People with the HLA-B27 allele or a family history of spondyloarthropathies are at greater risk of developing reactive arthritis. Most cases of this type of arthritis are seen in the lower extremities and this is considered a major diagnostic criterion for the diagnosis of reactive arthritis. The prognosis is favorable in most cases and spontaneous improvement is seen in most cases within 6 to 12 months.
Recently, cases of reactive arthritis associated with COVID-19 disease have been reported in lower limbs such as knees, ankles, metatarsophalangeal and interphalangeal joints. One case of reactive arthritis following COVID-19 disease in the wrist and shoulder has also been reported.
The most appropriate treatment for septic arthritis is joint drainage and administration of appropriate antibiotics based on culture and antibiogram results. Complete removal of necrotic and infectious material is mandatory. Joint drainage methods include closed drainage, arthroscopic drainage, and open drainage, especially in the hip joints.
The suitability and appropriateness of antibiotic type , dose and duration are determined in the literature and should cover the most common pathogens (staphylococcus aureus and streptococcus).
In patients with a history of recent intensive care unit hospitalization and other risk factors for MRSA, the antibiotic regimen should consist of vancomycin with or without second or third generation cephalosporin and in patients at high risk of gram-negative sepsis (elderly, UTI , catheters) should include second and third generation cephalosporins with or without fluoroquinolones . Consultation with an infectious disease specialist is strongly recommended.
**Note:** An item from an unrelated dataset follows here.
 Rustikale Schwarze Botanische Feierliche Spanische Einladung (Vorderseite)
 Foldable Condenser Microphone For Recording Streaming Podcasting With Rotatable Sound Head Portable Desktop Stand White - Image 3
To the best of our knowledge, this study reports the first cases of septic arthritis in the field of COVID-19 infection and its treatment and given the current pandemic we expect more in the future.
In any patient with a history of COVID-19 infection, especially those who have been treated with corticosteroids as one of the medications prescribed during the illness, any joint symptoms, especially in the hips, should draw our attention to the joint infection and take appropriate measures. necessary measures in this regard.